▶ [YOUR GOAL] All of the records must come back exactly as they were given.

[Crawled caption data]
- - - - - - -
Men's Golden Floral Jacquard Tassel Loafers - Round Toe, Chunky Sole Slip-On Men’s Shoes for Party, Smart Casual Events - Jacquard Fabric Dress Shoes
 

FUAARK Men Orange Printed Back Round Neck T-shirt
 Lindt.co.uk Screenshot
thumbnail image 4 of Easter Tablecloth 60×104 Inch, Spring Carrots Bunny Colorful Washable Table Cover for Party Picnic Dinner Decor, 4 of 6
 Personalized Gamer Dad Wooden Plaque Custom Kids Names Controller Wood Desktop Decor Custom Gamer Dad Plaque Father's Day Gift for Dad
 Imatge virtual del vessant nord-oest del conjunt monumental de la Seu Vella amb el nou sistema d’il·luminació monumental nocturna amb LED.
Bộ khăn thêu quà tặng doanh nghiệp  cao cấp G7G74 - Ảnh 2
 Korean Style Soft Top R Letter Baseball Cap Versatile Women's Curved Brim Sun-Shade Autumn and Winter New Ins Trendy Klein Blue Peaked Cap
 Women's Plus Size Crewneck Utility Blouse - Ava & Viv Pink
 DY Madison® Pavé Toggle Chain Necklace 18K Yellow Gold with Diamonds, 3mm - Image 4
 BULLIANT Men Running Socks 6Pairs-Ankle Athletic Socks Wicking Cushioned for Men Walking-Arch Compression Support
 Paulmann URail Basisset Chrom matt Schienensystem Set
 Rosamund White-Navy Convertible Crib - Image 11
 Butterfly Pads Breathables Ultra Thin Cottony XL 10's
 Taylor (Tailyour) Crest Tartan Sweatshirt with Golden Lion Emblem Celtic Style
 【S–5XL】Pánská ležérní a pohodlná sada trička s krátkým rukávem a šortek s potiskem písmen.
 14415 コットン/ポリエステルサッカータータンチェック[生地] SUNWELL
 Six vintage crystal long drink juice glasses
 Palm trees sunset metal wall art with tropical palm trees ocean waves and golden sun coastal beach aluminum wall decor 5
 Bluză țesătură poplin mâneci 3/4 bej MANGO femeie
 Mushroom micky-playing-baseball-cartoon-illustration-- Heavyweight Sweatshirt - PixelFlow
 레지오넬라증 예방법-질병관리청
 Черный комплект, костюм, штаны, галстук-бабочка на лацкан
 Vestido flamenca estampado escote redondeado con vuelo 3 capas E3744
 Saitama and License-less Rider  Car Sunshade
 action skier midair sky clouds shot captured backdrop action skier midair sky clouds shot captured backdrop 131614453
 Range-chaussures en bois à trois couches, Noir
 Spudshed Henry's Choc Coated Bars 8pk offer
- - - - - - -
▶ [OUTPUT BELOW]
Men's Golden Floral Jacquard Tassel Loafers - Round Toe, Chunky Sole Slip-On Men’s Shoes for Party, Smart Casual Events - Jacquard Fabric Dress Shoes
 

FUAARK Men Orange Printed Back Round Neck T-shirt
 Lindt.co.uk Screenshot
thumbnail image 4 of Easter Tablecloth 60×104 Inch, Spring Carrots Bunny Colorful Washable Table Cover for Party Picnic Dinner Decor, 4 of 6
 Personalized Gamer Dad Wooden Plaque Custom Kids Names Controller Wood Desktop Decor Custom Gamer Dad Plaque Father's Day Gift for Dad
 Imatge virtual del vessant nord-oest del conjunt monumental de la Seu Vella amb el nou sistema d’il·luminació monumental nocturna amb LED.
Bộ khăn thêu quà tặng doanh nghiệp  cao cấp G7G74 - Ảnh 2
 Korean Style Soft Top R Letter Baseball Cap Versatile Women's Curved Brim Sun-Shade Autumn and Winter New Ins Trendy Klein Blue Peaked Cap
 Women's Plus Size Crewneck Utility Blouse - Ava & Viv Pink
 DY Madison® Pavé Toggle Chain Necklace 18K Yellow Gold with Diamonds, 3mm - Image 4
 BULLIANT Men Running Socks 6Pairs-Ankle Athletic Socks Wicking Cushioned for Men Walking-Arch Compression Support
 Paulmann URail Basisset Chrom matt Schienensystem Set
 Rosamund White-Navy Convertible Crib - Image 11
 Butterfly Pads Breathables Ultra Thin Cottony XL 10's
 Taylor (Tailyour) Crest Tartan Sweatshirt with Golden Lion Emblem Celtic Style
 【S–5XL】Pánská ležérní a pohodlná sada trička s krátkým rukávem a šortek s potiskem písmen.
 14415 コットン/ポリエステルサッカータータンチェック[生地] SUNWELL
 Six vintage crystal long drink juice glasses
 Palm trees sunset metal wall art with tropical palm trees ocean waves and golden sun coastal beach aluminum wall decor 5
 Bluză țesătură poplin mâneci 3/4 bej MANGO femeie
 Mushroom micky-playing-baseball-cartoon-illustration-- Heavyweight Sweatshirt - PixelFlow
 레지오넬라증 예방법-질병관리청
 Черный комплект, костюм, штаны, галстук-бабочка на лацкан
 Vestido flamenca estampado escote redondeado con vuelo 3 capas E3744
 Saitama and License-less Rider  Car Sunshade
 action skier midair sky clouds shot captured backdrop action skier midair sky clouds shot captured backdrop 131614453
 Range-chaussures en bois à trois couches, Noir
 Spudshed Henry's Choc Coated Bars 8pk offer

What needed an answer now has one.